If you feel this way? That’s legit.
It is with that in mind that I am not disagreeing with the premise, but I also want to unpack a little bit of how you talk about it. That *feeling* is legitimate, and the choices it drives are legitimate, but as generalizations there is one big problem.

It’s...kind of the point
Different games reward different things. Sometimes one game rewards many different things. Sometimes only one. Sometimes the table culture adds its own layer of rewards.

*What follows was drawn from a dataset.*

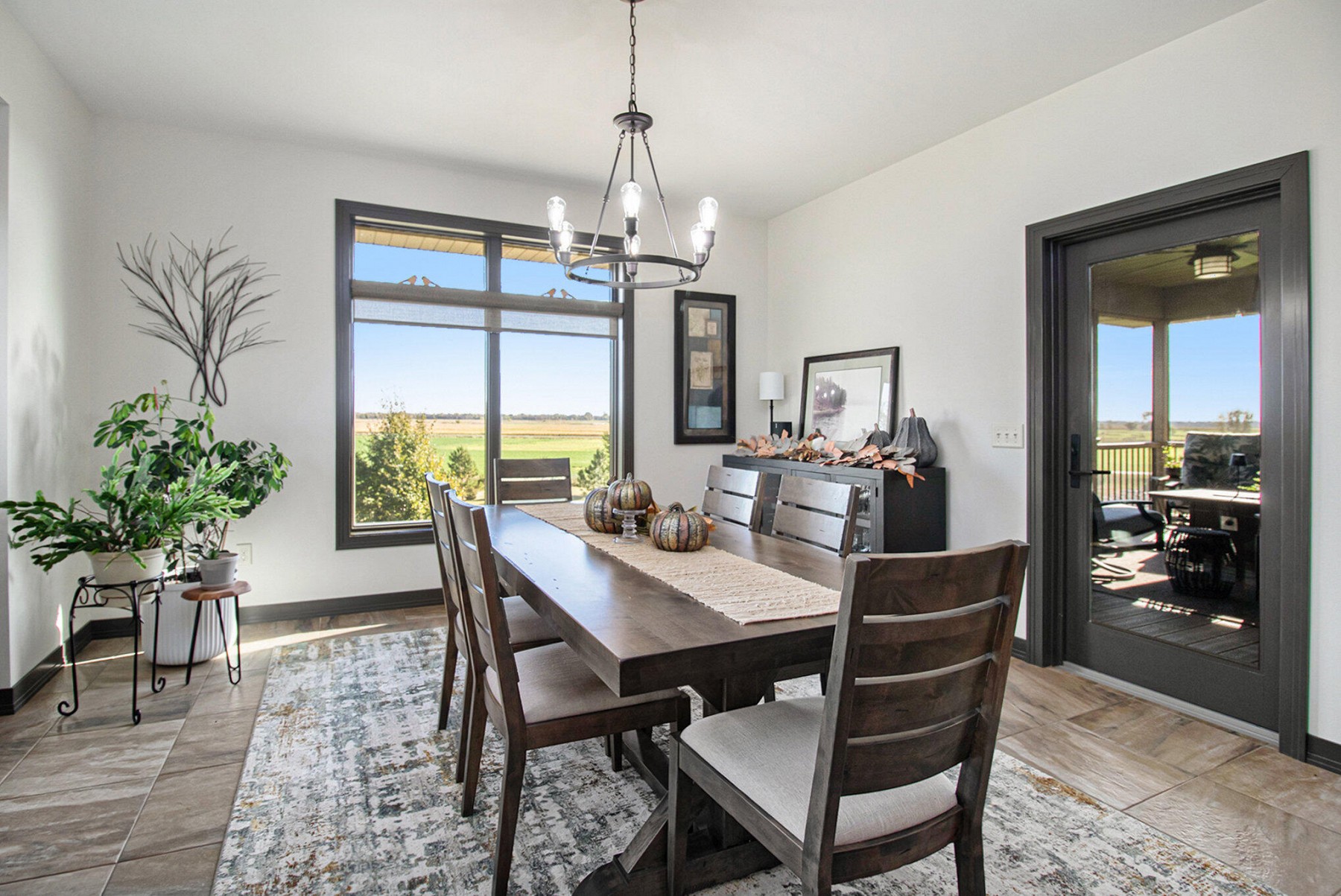 7135 Valley View Circle, Brookings, SD 57006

This is a SUPER REASONABLE metric to use when deciding what game to play.
Think of it like genre. You may not *like* cyberpunk games, or you may have *strong opinions* about cyberpunk games, but that is not an opinion about *gaming*, and it would be weird to frame it as such.
Making a game to serve those other tastes is not done to penalize you, and recognizing that may make it easier to speak to what you *actually* want in a game.
The alternative is to frame it as a versus situation, and yes, I know we have I time honored tradition of treating our own fun as truth, but this is one more space where it’s worth remembering that doing so is pretty destructive.
Personally, there are things I like in play. Some of those things are thing which other people don’t like because they reward people who act/think/play like me.


But then what?
(Caveat: as a super cishet white dude, if they reward me for *that*, the game can go fuck itself. Just to be 100% clear. I’m talking about shit like “making puns” or “stunt rules”)
I mention all this because I *also* do not want to play things that aren’t fun for me. I like to think that’s the default state for most gamers. We would like the fun, please.
Now, obviously, there are a lot of other factors. One of gaming’s greatest challenges is “I have only one group and they suck” and there’s never a good solution to that, but it’s also a pretty different problem.
But one of the dangers of turning a genuine emotional response into a generalization is that it robs you of your opportunity to engage other people on it.

I profoundly get this. It is easier to generalize than it is to talk face to face, and I’m no one to judge that.
But I mention it as something to maybe watch for your own sake. Your upset, frustration or boredom are real. They are legitimate and useful causes for action. Frittering them away just gets you more of the same.
Man, that went down a deep hole than expected. Mostly I was just pondering order of operation around roleplaying that that just kind of fell out.
BTW, this is one of those reasons designers are always going on about rewards. It’s not just about handing out prizes and wuffie. There can be deep intent behind this stuff.
It’s also a very serious valley of Mediocrity issue.

A game which no one dislikes probably has very little to get excited about.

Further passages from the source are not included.